> **Collected material**
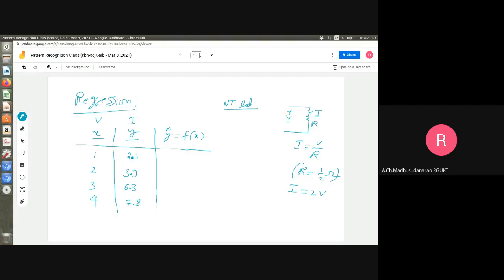But due to noise you got fluctuations. Actually you should get 2, but because of noise you got 2.1. Due to noise, instead of 4 you got 3.9; instead of 6 you got 6.3; instead of 8 you got 7.8. And this is my target — I want to express this y as a function of x.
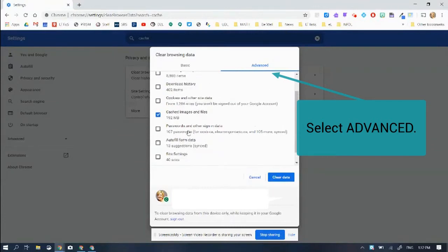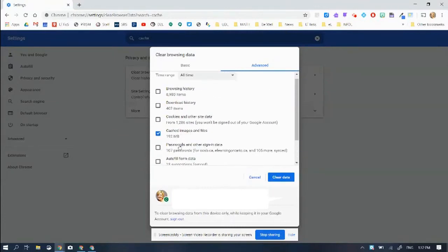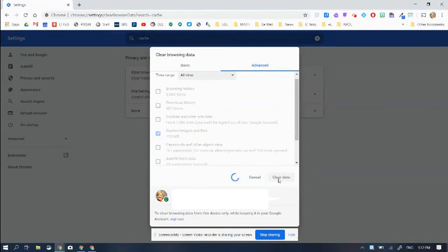You're going to make sure everything else is unchecked and make sure that this is checked. Because this is what we want to do, then we're going to hit clear data.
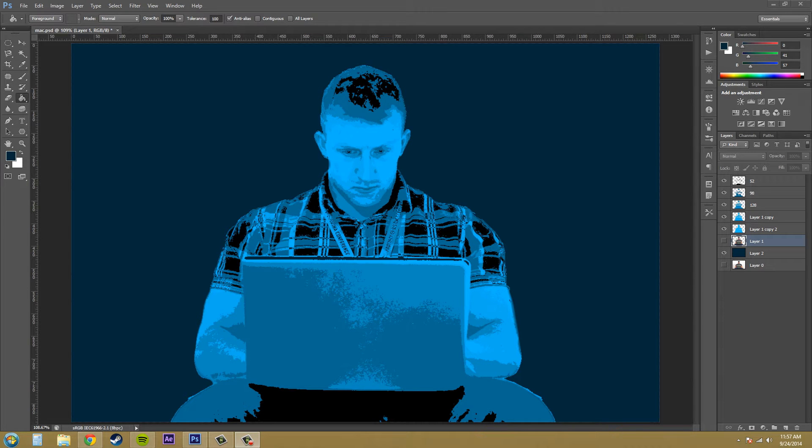Hey everybody, how you doing today? My name is Buddy Blackford and today we're going to be going over the threshold adjustment in Photoshop CS6.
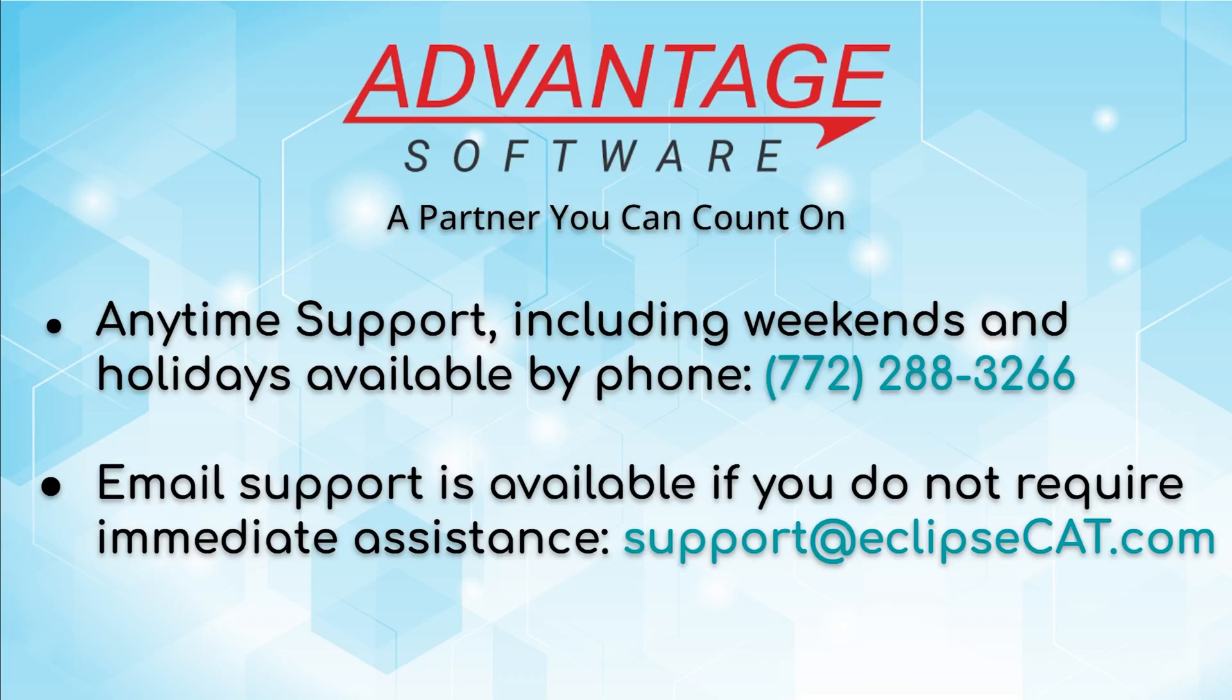Don't forget that Advantage Software offers anytime support. Tech support can be reached with any question, anytime, including weekends and holidays, at 772-288-3266. Email support is also available at support at eclipsecat.com.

> **Task description**
Exactly the lines from the top of the listing through the line with "Hey everybody, how", and no pictures, should be printed.

> **Completed task**
But due to noise you got fluctuations. Actually you should get 2, but because of noise you got 2.1. Due to noise, instead of 4 you got 3.9; instead of 6 you got 6.3; instead of 8 you got 7.8. And this is my target — I want to express this y as a function of x.
You're going to make sure everything else is unchecked and make sure that this is checked. Because this is what we want to do, then we're going to hit clear data.
Hey everybody, how you doing today? My name is Buddy Blackford and today we're going to be going over the threshold adjustment in Photoshop CS6.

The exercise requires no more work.